In anticipation, founder and Jane’s Addiction frontman Perry Farrell sat down with the Chicago Tribune’s Greg Kot to discuss the festival’s salad days, its early financial woes, and the blockbuster future that lies ahead.
However, Farrell proved surprisingly transparent on a variety of topics, specifically his titular EDM stage, which has become something of a punch line within the festival circle. Rest assured, he’s the first person laughing.
“When they said they wanted to name a stage after me (when the festival relaunched in 2005), I was honored,” he admits. “I like the adulation. But now you say, ‘Perry, what’s going on with your area here?’ Believe me, I’ve got questions myself.”
“I hate EDM,” he continues. “I want to vomit it out of my nostrils. I can’t stand what it did to what I love, which is house music, which was meditative, psychedelic — it took you on a journey. … I sometimes cringe at my own festival.”
Still, he contends that the festival wouldn’t be alive today without it, adding: “You’d have to do away with pop to escape it, and if you want to do a festival you can’t do away with pop.”
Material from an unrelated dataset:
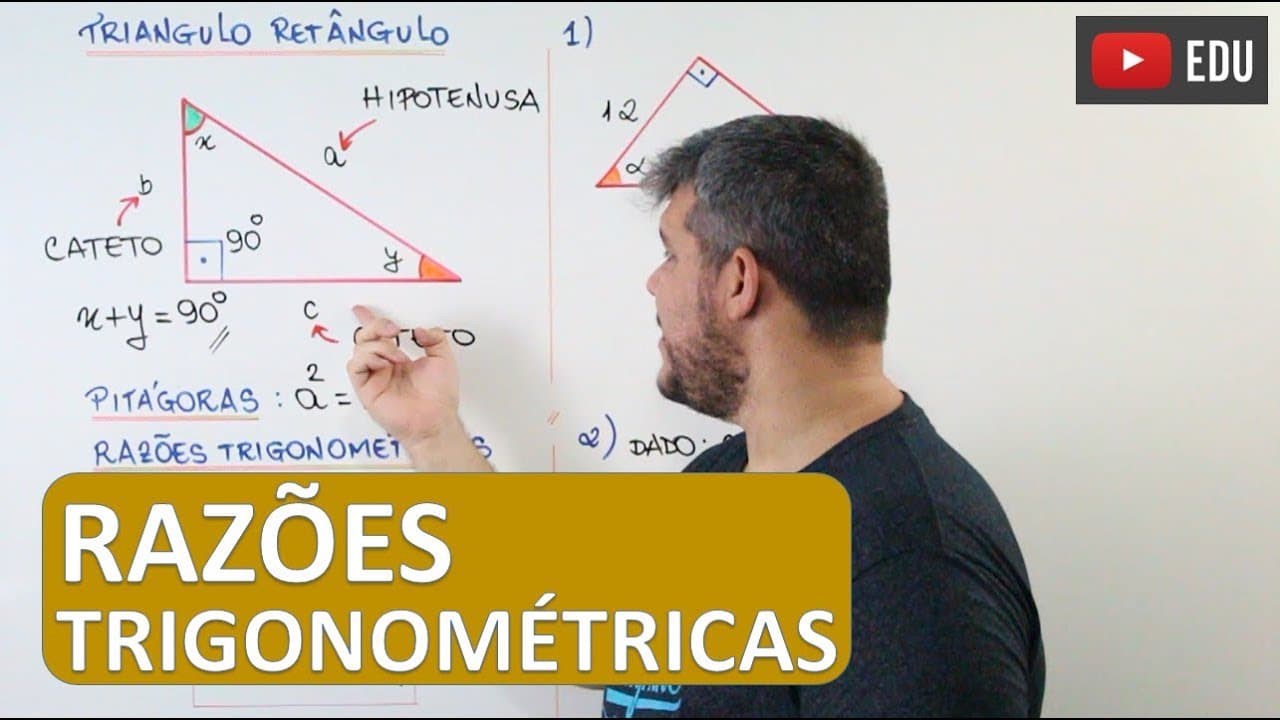 Thumbnail: Razões Trigonométricas (seno, cosseno e tangente) - Trigonometria no Triângulo Retângulo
Farrell’s solution is even more surprising, as he hints at a new project in the near future: “The only way to change things is by changing things myself. At my new project, there will be great house music. I hope I will keep EDM at the door. They will be turned away.”
So, Lollapalooza II? Not exactly.
“I’ll transfer that experience and reach for the stars on my next project, and do things that have not been done by Lolla, and see how it goes,” Farrell explains. “It will be music-centric, I’m going to make a new scene, a new place, a different feel.
“Music will be at the heart of it,” he continues, “but it will be a completely new experience. That’s all I can tell you. You can expect the project to launch 18 months from now.”
Kot also spoke with co-founder Marc Geiger of William Morris, who had quite possibly the most sobering quotes of the entire piece. He argues that while Lollapalooza reflected “a subculture of music fans who felt alienated because mass media was telling them to listen to something they didn’t want,” those some bands and artists are “mainstream.”
“You can’t be rebellious anymore in that vein,” he extrapolates. “The kids aren’t defined by radio or other formatted MTV types of things. There’s a sprawling garden of music out there where everything is on the same platform — Spotify, Soundcloud, Beats, YouTube — and artists are not prejudged by an industry that likes to put everything in a specific bucket. We present what we think is great, which is less defined by genre. It’s more a buffet of music, because that’s where the listeners are.”
Agree, disagree, or consent, the interview is a great read, especially if you’ve been following the Lollapalooza lore for the past couple of decades. It should be noted that whereas other festivals have stumbled this summer, Grant Park’s diamond continues to sell out without a lineup.
That’s a type of power you can’t book or buy.